Frontier Communications ILEC Holdings, Inc.
- Company type: Subsidiary
- Industry: Telecommunications
- Predecessor: Verizon
- Founded: 2009; 17 years ago
- Parent: Verizon (2009–2010); Frontier (2010–present);
- Website: www.frontier.com

= Frontier Communications ILEC Holdings =

Frontier Communications ILEC Holdings, Inc. is a holding company subsidiary owned by Frontier Communications. It serves as a holding company for former Bell System, Contel, and GTE incumbent local exchange carrier (ILEC) telephone operating companies that were owned by Verizon prior to July 1, 2010.

== History ==
The company was formed by Verizon in 2009 to facilitate the planned sale of some local subsidiaries to Frontier, which was completed on July 1, 2010. The company was set up to allow for a Reverse Morris Trust merger, allowing Verizon to spin off the company to Frontier tax-free.
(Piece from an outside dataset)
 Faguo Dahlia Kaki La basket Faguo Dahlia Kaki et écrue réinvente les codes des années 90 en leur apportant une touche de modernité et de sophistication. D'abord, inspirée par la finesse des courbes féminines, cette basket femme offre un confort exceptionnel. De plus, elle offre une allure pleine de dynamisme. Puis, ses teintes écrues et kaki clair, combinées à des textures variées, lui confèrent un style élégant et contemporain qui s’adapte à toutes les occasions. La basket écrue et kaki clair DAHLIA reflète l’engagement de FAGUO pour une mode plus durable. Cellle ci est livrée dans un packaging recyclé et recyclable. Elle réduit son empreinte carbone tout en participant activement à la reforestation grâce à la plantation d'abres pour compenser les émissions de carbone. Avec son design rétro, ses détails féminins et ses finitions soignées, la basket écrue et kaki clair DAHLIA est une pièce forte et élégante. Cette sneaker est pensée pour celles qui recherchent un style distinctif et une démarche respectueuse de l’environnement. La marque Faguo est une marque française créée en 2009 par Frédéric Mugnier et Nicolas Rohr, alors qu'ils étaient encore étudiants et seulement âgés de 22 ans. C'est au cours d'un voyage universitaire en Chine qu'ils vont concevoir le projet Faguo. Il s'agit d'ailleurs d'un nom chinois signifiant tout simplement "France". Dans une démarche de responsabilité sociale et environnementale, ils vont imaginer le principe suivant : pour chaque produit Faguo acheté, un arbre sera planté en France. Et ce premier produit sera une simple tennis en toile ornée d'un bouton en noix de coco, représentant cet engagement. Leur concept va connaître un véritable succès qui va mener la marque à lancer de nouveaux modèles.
Its primary purpose was to transfer Frontier ILEC Holdings as well as Verizon debt that Frontier was to assume.

== Subsidiary companies ==
The company was founded as New Communications ILEC Holdings, Inc. to own the following companies transferred from Verizon and GTE:
- Contel of the South
- New Communications of the Carolinas (split from Verizon South)
- New Communications of the Southwest (split from Verizon California)
- Verizon North
- Verizon Northwest
- Verizon West Coast
- Verizon West Virginia (originally part of the Bell System)

Once the purchase was completed, the relevant subsidiary company names were changed to reflect Frontier ownership.